Missing a screw
The other day I purchased one of those tree pruning gadgets for trimming off dead branches. For some reason it was missing a small screw for holding on the cutting blade. I dare say the fault was mine, that the manufacturers had included the screw but that I had lost it. In any event, there I was, missing a screw. (My readers have known this all along.)
I hied myself down to a local supplies store (local is 50 miles away – I do live in central SD after all) in search of screws. It seems that this store sold the screws, nuts, and lock washers in packages, so I bought a package of screws, a package of nuts, and a package of lock washers. That didn’t bother me. True, I only needed one of each, but you never know when you might need another one. Now here is the odd part.

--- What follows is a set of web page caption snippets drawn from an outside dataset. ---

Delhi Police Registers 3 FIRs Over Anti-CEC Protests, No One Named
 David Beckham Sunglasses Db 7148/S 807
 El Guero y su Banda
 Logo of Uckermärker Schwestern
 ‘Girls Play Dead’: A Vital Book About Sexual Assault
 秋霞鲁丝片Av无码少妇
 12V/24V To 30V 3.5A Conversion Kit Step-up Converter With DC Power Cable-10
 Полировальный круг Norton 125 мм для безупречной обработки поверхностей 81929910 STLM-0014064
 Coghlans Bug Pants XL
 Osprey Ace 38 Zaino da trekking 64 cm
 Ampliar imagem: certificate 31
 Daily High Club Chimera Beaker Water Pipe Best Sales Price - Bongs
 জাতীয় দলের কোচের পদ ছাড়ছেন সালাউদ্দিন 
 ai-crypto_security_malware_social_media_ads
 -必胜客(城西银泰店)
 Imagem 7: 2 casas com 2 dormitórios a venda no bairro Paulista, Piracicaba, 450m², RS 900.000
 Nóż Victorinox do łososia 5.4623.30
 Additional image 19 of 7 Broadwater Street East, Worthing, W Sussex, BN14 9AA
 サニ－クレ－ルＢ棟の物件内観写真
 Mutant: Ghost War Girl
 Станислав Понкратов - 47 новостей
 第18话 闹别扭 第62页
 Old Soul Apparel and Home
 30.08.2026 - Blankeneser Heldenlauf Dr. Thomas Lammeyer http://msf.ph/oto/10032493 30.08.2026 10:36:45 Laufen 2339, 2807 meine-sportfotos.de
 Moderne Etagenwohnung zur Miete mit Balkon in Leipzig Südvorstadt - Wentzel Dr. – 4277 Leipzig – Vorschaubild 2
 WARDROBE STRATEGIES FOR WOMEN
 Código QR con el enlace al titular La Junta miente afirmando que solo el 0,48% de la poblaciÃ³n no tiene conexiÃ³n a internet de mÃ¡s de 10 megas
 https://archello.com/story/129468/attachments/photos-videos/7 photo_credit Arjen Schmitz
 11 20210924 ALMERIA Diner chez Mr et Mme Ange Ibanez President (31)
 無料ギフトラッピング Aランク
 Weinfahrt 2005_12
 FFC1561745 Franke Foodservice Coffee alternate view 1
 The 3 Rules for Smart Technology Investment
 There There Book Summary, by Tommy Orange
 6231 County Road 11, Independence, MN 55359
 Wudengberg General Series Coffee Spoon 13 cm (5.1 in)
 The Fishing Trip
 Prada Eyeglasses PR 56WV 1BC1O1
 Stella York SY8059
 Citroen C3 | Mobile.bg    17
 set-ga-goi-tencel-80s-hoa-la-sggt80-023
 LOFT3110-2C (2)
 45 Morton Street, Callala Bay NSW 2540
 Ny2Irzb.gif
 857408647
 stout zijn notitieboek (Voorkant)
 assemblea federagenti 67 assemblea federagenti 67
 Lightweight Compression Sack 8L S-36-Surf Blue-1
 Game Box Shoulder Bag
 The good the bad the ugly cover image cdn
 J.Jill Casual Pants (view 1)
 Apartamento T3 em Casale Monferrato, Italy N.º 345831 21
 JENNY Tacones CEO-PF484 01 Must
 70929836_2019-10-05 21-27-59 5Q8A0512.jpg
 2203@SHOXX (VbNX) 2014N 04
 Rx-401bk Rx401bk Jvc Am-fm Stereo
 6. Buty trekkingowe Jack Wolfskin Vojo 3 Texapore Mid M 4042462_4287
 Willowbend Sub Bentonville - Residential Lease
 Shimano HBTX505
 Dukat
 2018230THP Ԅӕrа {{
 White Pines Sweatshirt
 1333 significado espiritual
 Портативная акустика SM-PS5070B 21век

A package of nuts screws holds 18 screws; a package of nuts holds 24 nuts; and a package of lock washers holds 30 lock washers. I’m not sure what the deal is on this. Maybe they figure that you are more likely to lose a nut than a screw, and even more likely to lose a lock washer. Still, one screw needs one washer and one nut. What are you supposed to do with the extras.
Is this nuts or what?
It ain’t broke, so fix it
One evening whilst attending a world science fiction convention in Denver I had a moment of panic. While starting up my car I discovered that one of the rear windows was down a couple of inches. So what you say? Well that was what I said until I pushed the button to close the window. It didn’t close. I kept pushing buttons. I discovered that the other rear window wouldn’t budge. Not only that, the passenger side window wouldn’t budge. At least the driver side window would go up and down.
I didn’t know what was going on. Was there some little motor that was stuck or broken? That didn’t seem right because there were three windows that weren’t operational. Maybe there was a fuse that was blown. Well, it was late and I wasn’t going to fix it in the dark, so I got in the car and drove back to my motel. Maybe I would have a bright idea in the morning.
Morning came as it so often does in Denver. I decided that the right thing to do was to call the service department of the local Toyota dealer and see if I could talk them into doing a quick fix. Having decided to call them I went ahead and called them. I explained to the guy at the service department that my rear window was stuck partly open. He asked if the other rear window and the passenger window were also stuck. I said yes. He said that I had pushed the window lock button. It’s not the fuse, I asked. No, he said, it’s the window lock button. He explained where the button was. I thanked him and went out to examine the car.
Son of a gun. Right next to the button that locks all the doors was another button, one that I had never really thought about before. I pushed it. What do you know, after I pushed it the windows all worked again.
Our Lady of the Large Black Dog giggled a lot when I told her about the incident.
Eating our young
Every editorial should include a good rant. Here’s mine. We as a nation are, metaphorically speaking, eating our young. Once upon a time, well within my lifetime, if not that of my readers, it was possible to work your way through college. Summer work and part-time work produced enough so that you could go through four years of college debt free. Not all colleges, of course, but the state colleges and universities.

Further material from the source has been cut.